## Task details
Whenever a picture appears in the listing below, leave it out, and copy exactly the lines from the one containing "2006 Chevrolet Silverado Pickup Truck" through the end.

## Given data
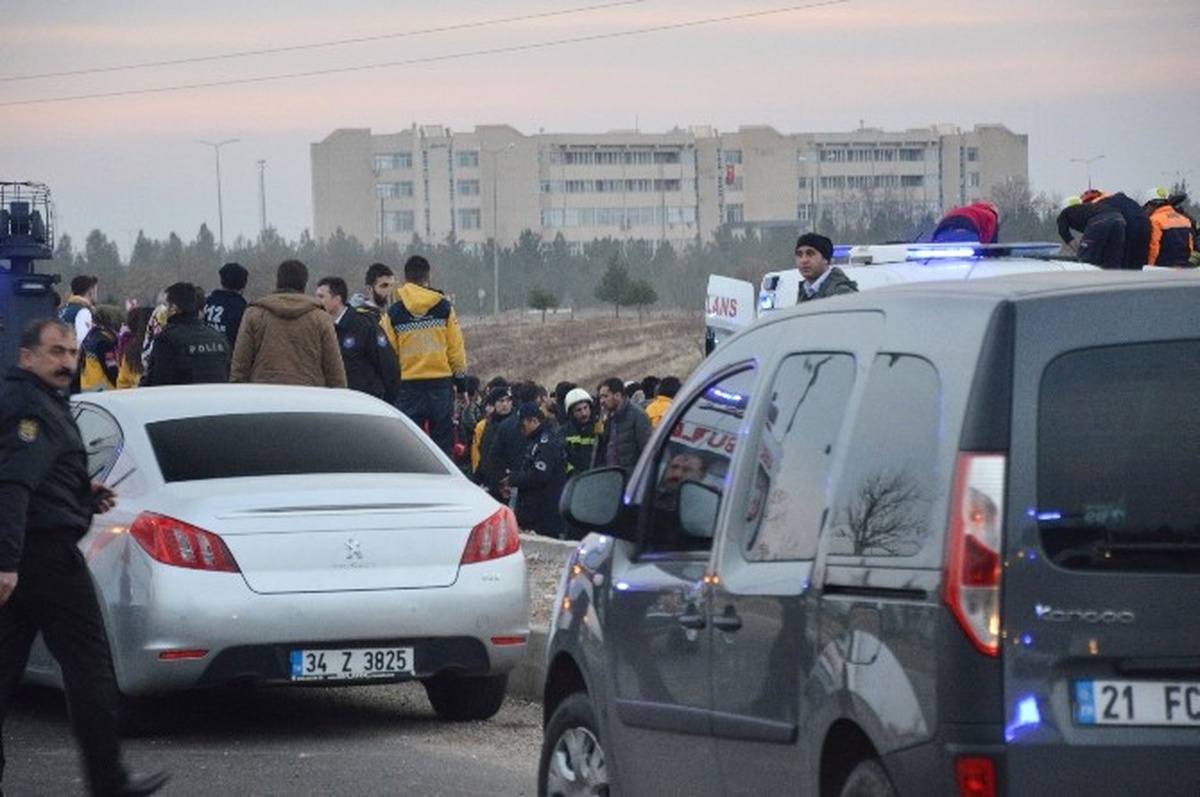 Diyarbakır\'da Polise Bombalı Tuzak; 3 Şehit 3 Yaralı (6)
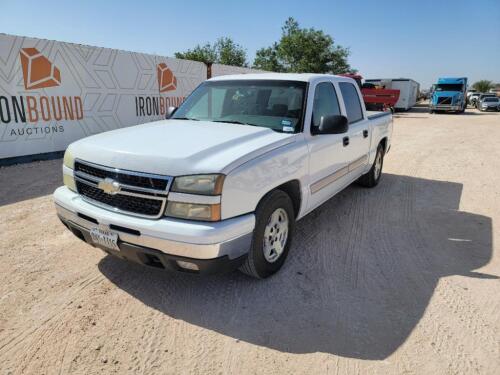 2006 Chevrolet Silverado Pickup Truck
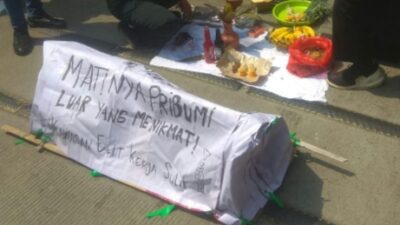 Replika keranda mayat dalam aksi unjuk rasa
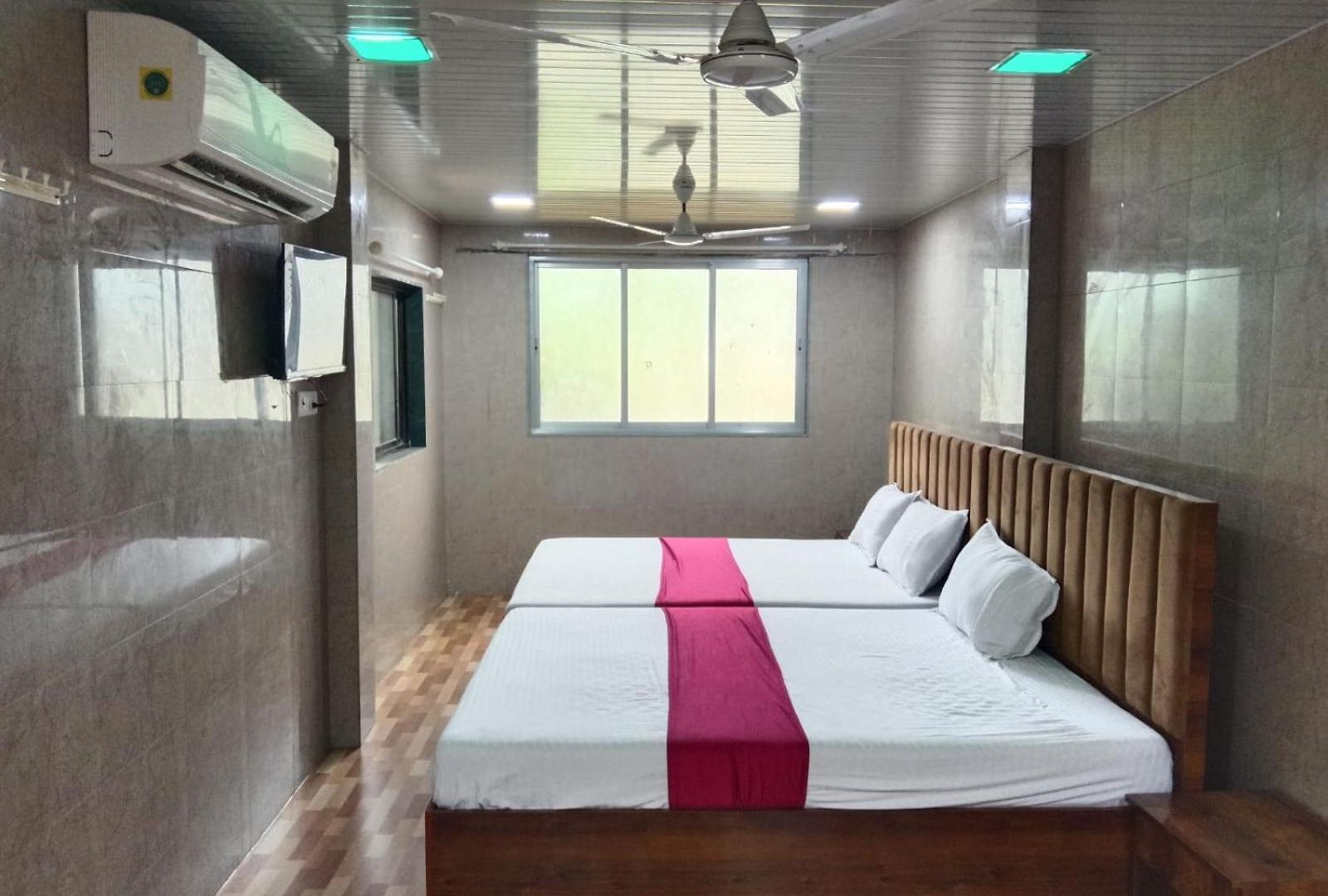 Golden Takshila Andheri 3* Mumbai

## Expected answer
 2006 Chevrolet Silverado Pickup Truck
 Replika keranda mayat dalam aksi unjuk rasa
 Golden Takshila Andheri 3* Mumbai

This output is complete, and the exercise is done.